Proces pomiędzy Johnnym Deppem a Amber Heard toczył się dwa lata. Modelka udowodniła, że została pobita przez męża przynajmniej 14 razy. W związku z tym sąd orzekł, że użyte w gazecie The Sun określenie „bokser domowy” jest adekwatne.
Johnny Depp jest z pewnością jednym z najbardziej znanych aktorów. Teraz jednak może doświadczyć pewnych problemów zawodowych. Wszystko przez małżeństwo z modelką Amber Heard, wokół którego narosło wiele kontrowersji. Para pobrała się w 2015 roku, ale już rok później doszło do rozwodu. Po rozstaniu Amber ujawniła, że hollywoodzki aktor ma problemy z kokainą i alkoholem, a poza tym stosował wobec niej przemoc. Depp nie pozostawał dłużny i także wywlekał na światło dzienne przewinienia byłej małżonki.

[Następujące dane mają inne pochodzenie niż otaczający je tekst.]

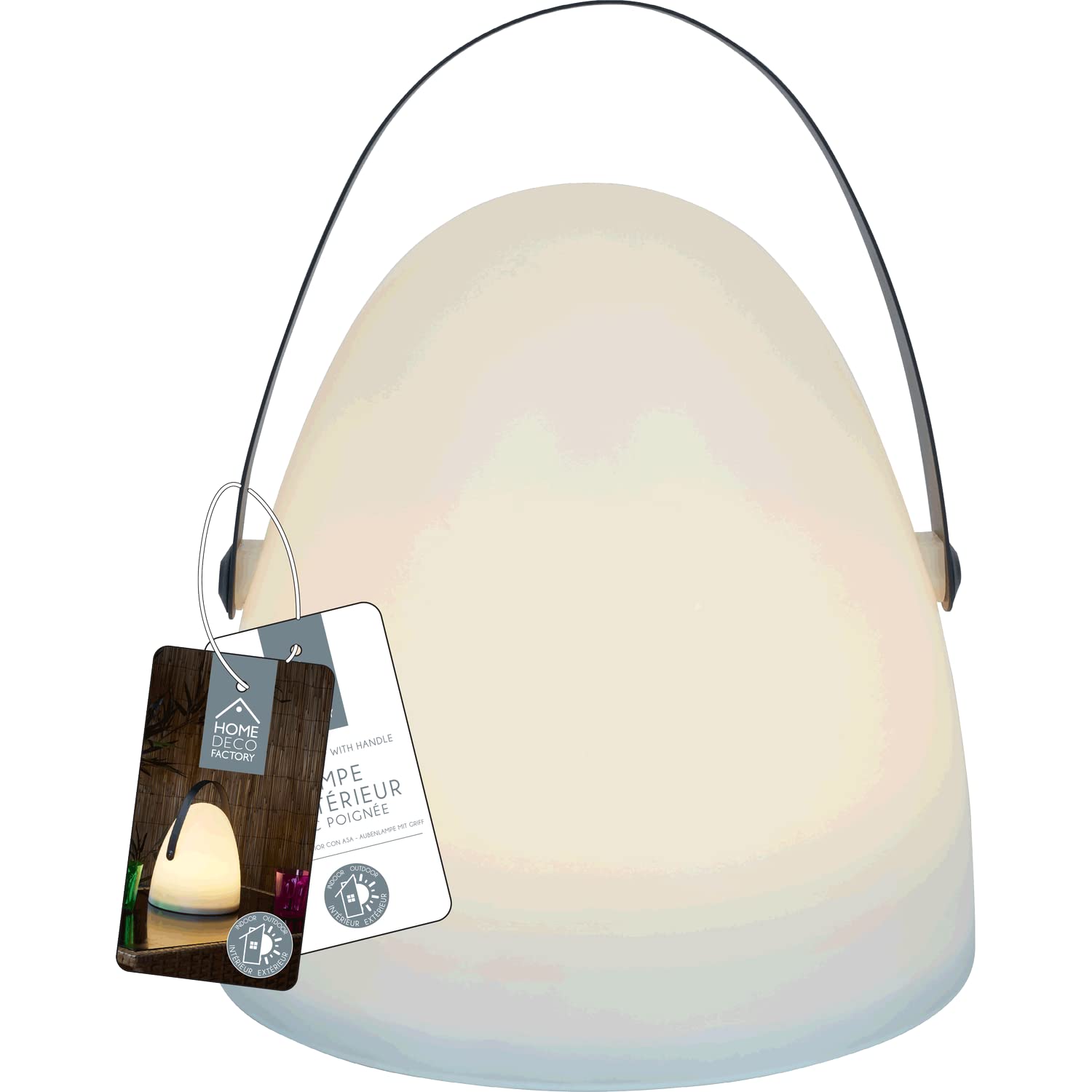 Lampe d'extérieur à Poser avec poignée 30 cm Blanc Noir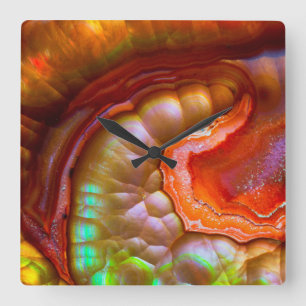 Feueropal Quadratische Wanduhr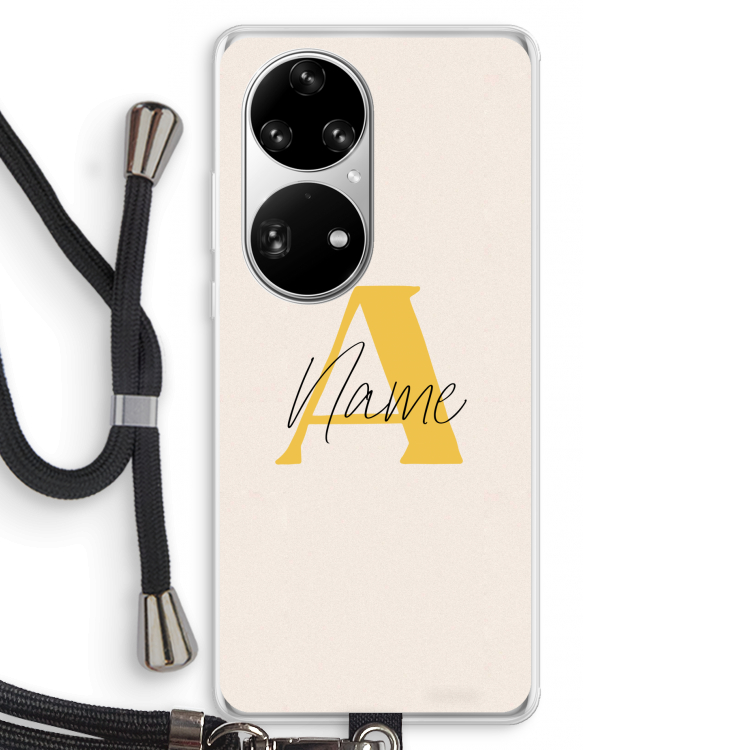 Amber Script: Huawei P50 Pro Transparant Hoesje met koord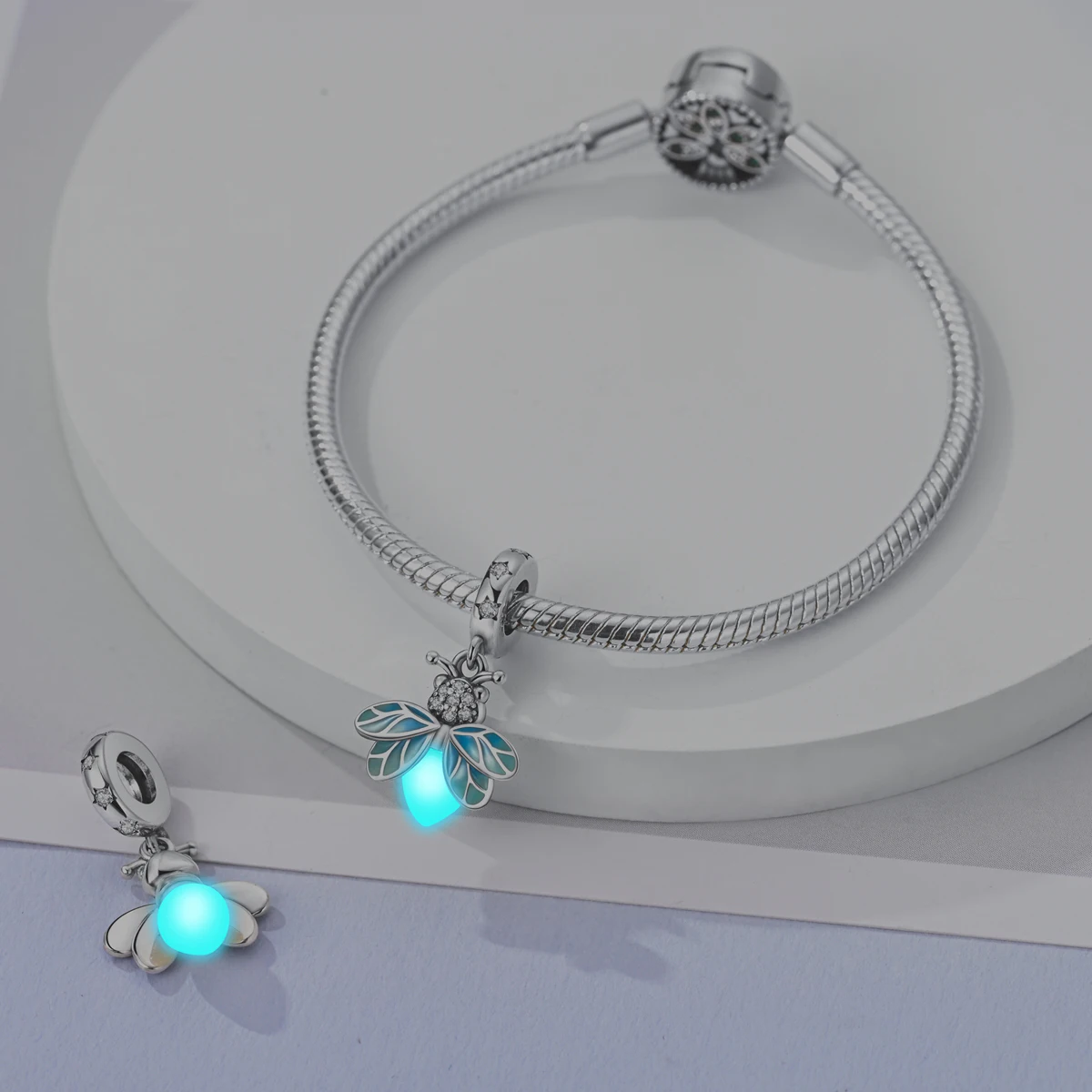 925 Silver Charm Beads Glowing Luminous Firefly Butterfly Pendant fit Bracelet Charm Making Jewelry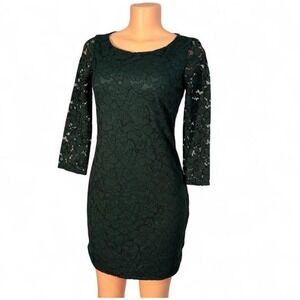 Vince Camuto Womens Dark Green Floral Lace 3/4 Sleeve Sheath Dress Size 2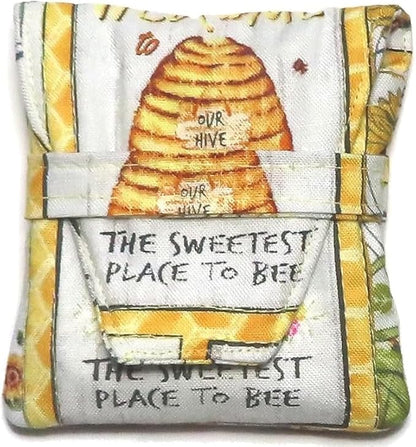 Tea Bag Wallet in a Small Teabag Shape, Sunflowers or Honey Bee Fabric Print, Your Choice, Handmade, Quilted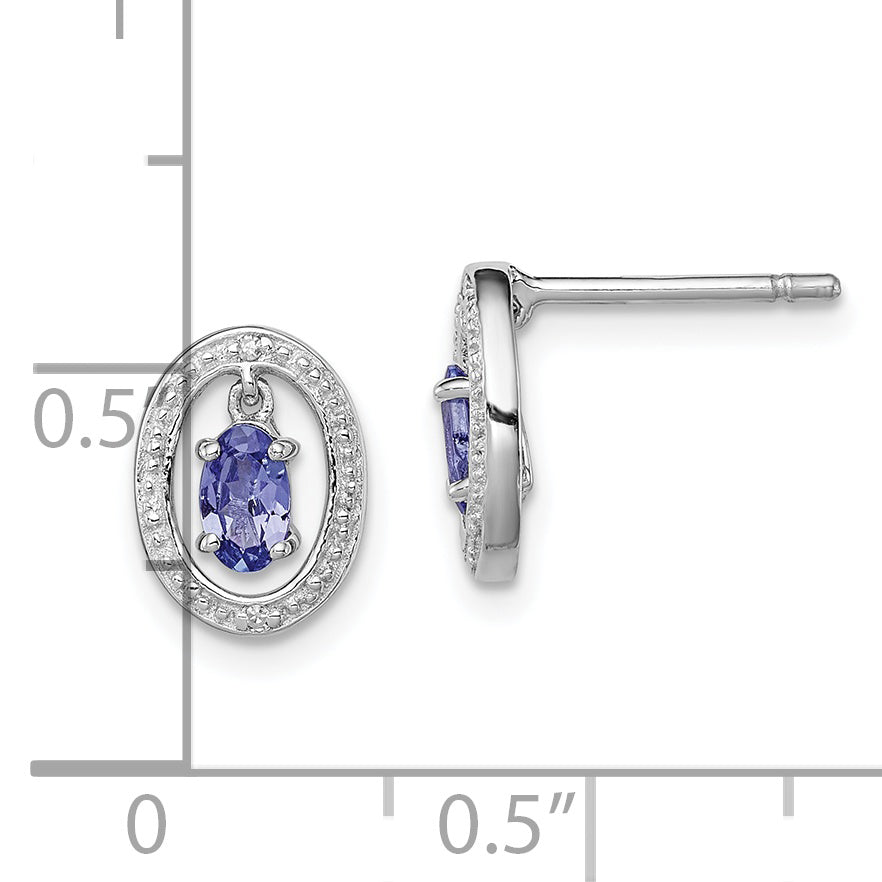 Sterling Silver Rhodium Plated Diamond & Tanzanite Oval Post Earrings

Od 2018 roku trwał proces wytoczony przez Johnnego Deppa przeciwko Amber Heard i gazecie „The Sun”, ponieważ Depp został nazwany tam „damskim bokserem”. Zastanawiano się, czemu ktoś taki będzie współpracował z J.K.Rowling przy filmie „Fanstastyczne zwierzęta”.
W sądzie modelka przedstawiła dowody, że były mąż uderzył ją przynajmniej 14 razy, a także wydawał 23 tysiące funtów miesięcznie na czerwone wino, czyli jakieś 120 tysięcy złotych. W świetle tych dowodów ciężko było o inne zakończenie sprawy, jak tylko przegrana Deppa. Media ogłosiły całą sprawę kompromitacją stulecia dla znanego hollywoodzkiego aktora. Czy to już koniec kariery wielkiej gwiazdy? Czy jednak fani wybaczą mu tę ciemną stronę osobowości?